[Opening PROVIDED ENTRIES section]

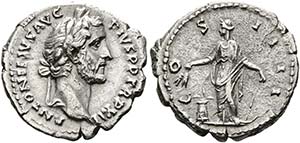 Antoninus Pius (138-161) - Denarius (2,80 ... 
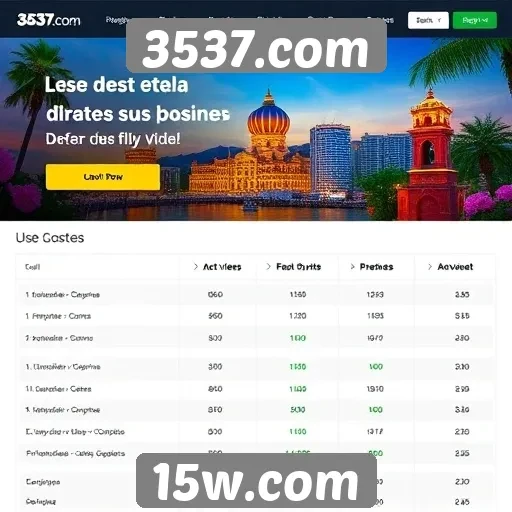 Comparativo de bônus e promoções do site 3537.com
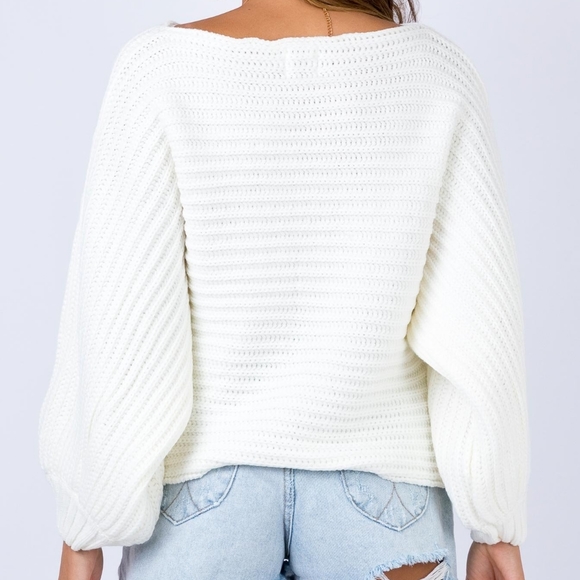Princess Polly White Abcola Jumper Sweater M/L - Picture 4 of 8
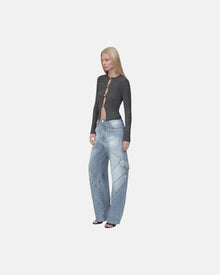 Paneled Jean Indigo
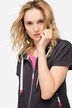 Kapuzen-Weste, oversized, Zipper, Zipptaschen
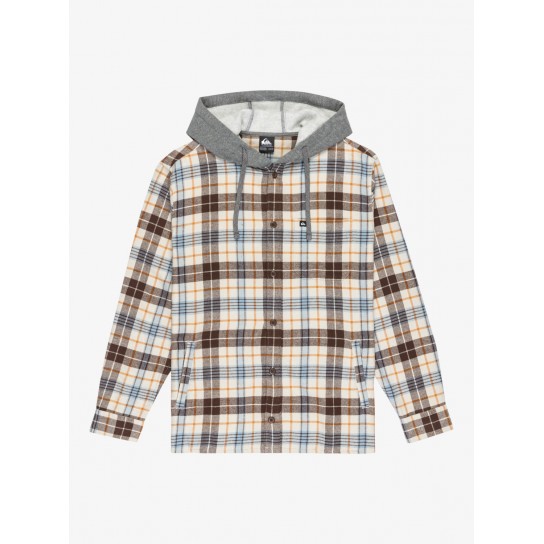 Camisa Quiksilver Hooded Surf - Castanho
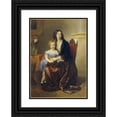 thumbnail image 1 of Karl von Blaas 14x18 Black Ornate Wood Framed Double Matted Museum Art Print Titled - Leonie Countess Lancorońska, Born Countess Potocka, with Her Son Karl (1852), 1 of 5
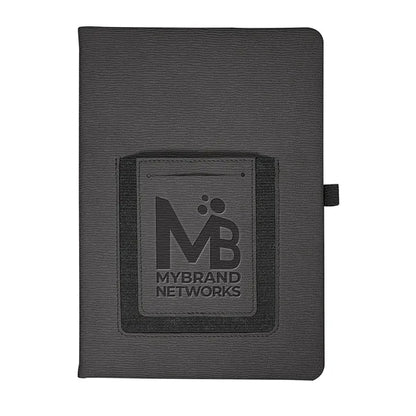 Roma Journal Notebook With Phone Pocket 5.625" X 8.25"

[Closing PROVIDED ENTRIES section]

*DESCRIPTION OF THE TASK*.
Print, exactly as written, the lines above from the first one to the one containing "Camisa Quiksilver Hooded Surf - Castanho". Leave out pictures.

*YOUR RESPONSE*.
 Antoninus Pius (138-161) - Denarius (2,80 ... 
 Comparativo de bônus e promoções do site 3537.com
Princess Polly White Abcola Jumper Sweater M/L - Picture 4 of 8
 Paneled Jean Indigo
 Kapuzen-Weste, oversized, Zipper, Zipptaschen
 Camisa Quiksilver Hooded Surf - Castanho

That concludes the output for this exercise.